(Data for the task Opens)

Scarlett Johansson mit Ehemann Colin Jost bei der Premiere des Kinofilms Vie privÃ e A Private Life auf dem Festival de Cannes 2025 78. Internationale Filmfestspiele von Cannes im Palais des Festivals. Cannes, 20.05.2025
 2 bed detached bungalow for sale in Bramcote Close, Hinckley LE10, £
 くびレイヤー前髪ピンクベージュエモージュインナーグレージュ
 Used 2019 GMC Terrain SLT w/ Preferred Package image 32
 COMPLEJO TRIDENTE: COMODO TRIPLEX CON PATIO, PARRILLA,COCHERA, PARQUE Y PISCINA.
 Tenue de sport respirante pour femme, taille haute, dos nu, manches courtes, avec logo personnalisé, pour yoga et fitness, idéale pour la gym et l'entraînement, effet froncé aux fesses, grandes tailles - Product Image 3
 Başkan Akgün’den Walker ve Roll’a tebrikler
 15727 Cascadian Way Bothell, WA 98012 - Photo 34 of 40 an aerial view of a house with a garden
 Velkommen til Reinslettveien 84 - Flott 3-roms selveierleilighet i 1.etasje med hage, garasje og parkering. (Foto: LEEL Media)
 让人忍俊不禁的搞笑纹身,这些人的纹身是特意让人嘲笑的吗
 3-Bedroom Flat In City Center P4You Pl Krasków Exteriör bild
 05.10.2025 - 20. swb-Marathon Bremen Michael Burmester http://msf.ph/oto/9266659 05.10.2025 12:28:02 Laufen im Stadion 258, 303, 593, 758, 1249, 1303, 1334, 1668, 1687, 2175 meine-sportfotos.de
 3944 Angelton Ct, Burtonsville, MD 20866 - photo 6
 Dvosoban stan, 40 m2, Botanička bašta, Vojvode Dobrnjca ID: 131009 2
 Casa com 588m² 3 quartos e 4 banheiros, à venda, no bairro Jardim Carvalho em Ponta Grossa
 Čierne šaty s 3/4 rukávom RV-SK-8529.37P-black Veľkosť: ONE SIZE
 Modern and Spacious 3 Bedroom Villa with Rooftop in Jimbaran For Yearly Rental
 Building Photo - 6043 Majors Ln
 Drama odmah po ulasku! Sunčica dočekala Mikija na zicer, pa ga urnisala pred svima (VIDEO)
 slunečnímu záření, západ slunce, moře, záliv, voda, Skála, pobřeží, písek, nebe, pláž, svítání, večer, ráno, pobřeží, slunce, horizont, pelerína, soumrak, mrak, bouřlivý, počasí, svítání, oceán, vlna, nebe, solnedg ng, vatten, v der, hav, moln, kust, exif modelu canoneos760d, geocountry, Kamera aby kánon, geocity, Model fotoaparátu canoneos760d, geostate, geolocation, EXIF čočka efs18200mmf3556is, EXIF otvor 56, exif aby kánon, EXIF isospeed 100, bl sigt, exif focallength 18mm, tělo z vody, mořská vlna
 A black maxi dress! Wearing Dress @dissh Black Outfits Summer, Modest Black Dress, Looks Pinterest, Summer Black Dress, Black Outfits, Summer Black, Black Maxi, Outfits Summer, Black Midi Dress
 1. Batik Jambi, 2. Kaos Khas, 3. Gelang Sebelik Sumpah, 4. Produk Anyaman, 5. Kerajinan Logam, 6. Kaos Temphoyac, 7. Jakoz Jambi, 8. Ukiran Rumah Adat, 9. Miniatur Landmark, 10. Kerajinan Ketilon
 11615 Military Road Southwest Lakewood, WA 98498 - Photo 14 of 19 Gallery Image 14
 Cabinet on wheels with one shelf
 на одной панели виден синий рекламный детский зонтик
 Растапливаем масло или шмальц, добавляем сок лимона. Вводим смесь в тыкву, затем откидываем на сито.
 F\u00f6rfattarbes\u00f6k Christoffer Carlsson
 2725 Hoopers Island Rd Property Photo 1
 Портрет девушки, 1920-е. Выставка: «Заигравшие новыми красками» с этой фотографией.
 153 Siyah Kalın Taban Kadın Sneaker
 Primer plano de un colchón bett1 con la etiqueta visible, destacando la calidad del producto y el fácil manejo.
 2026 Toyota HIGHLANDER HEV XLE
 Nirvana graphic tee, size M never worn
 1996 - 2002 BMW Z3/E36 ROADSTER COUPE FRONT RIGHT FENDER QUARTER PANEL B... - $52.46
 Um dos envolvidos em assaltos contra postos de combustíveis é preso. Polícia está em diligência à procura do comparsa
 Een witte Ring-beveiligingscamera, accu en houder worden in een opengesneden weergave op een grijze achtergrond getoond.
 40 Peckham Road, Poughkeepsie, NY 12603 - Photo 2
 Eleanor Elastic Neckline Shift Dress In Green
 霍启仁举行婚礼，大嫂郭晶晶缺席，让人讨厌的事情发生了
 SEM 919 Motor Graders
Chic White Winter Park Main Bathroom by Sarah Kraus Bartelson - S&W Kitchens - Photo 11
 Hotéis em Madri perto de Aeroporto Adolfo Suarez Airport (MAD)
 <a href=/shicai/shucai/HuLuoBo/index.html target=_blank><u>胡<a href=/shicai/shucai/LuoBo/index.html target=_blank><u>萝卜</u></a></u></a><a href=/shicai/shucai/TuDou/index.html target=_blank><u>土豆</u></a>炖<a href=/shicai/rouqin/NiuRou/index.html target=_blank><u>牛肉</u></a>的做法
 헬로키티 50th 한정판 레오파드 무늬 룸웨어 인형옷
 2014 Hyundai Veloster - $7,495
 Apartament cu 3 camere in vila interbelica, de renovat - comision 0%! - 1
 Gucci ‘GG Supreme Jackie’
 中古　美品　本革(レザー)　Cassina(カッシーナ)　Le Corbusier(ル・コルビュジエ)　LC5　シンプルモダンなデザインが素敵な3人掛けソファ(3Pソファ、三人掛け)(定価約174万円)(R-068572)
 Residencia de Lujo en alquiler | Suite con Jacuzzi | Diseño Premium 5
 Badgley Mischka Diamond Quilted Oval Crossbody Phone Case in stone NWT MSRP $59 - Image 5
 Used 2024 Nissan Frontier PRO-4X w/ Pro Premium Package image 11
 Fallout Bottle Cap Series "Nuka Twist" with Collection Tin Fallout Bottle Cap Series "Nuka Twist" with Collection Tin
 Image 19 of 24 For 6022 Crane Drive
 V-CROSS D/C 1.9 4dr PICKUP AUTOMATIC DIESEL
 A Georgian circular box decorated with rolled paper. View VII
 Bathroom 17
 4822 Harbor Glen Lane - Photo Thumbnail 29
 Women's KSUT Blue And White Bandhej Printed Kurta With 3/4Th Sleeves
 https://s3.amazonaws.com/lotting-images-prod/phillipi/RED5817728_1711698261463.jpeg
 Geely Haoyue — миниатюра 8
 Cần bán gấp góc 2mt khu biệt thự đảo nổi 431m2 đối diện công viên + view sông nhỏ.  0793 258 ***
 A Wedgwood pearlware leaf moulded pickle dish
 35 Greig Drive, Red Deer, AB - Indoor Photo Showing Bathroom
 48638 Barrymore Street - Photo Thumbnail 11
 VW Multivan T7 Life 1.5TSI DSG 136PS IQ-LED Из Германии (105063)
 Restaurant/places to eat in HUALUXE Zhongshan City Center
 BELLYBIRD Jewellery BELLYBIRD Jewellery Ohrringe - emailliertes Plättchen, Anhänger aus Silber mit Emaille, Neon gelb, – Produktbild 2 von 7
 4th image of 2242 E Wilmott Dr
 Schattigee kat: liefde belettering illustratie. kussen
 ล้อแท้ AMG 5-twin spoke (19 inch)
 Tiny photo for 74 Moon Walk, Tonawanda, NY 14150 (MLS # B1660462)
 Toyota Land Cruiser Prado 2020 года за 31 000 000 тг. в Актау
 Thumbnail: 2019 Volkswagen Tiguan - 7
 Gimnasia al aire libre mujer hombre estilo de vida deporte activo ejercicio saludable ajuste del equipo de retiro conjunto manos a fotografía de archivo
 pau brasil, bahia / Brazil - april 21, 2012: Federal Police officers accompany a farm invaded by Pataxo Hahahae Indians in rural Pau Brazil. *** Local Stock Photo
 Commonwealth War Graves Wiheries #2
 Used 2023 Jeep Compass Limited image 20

(Data for the task Closes)

Task statement
Within the listing above, give again exactly every line from the line with "3-Bedroom Flat In" through the line with "3944 Angelton Ct, Burtonsville, MD", both included, and no other line.

The completed task
 3-Bedroom Flat In City Center P4You Pl Krasków Exteriör bild
 05.10.2025 - 20. swb-Marathon Bremen Michael Burmester http://msf.ph/oto/9266659 05.10.2025 12:28:02 Laufen im Stadion 258, 303, 593, 758, 1249, 1303, 1334, 1668, 1687, 2175 meine-sportfotos.de
 3944 Angelton Ct, Burtonsville, MD 20866 - photo 6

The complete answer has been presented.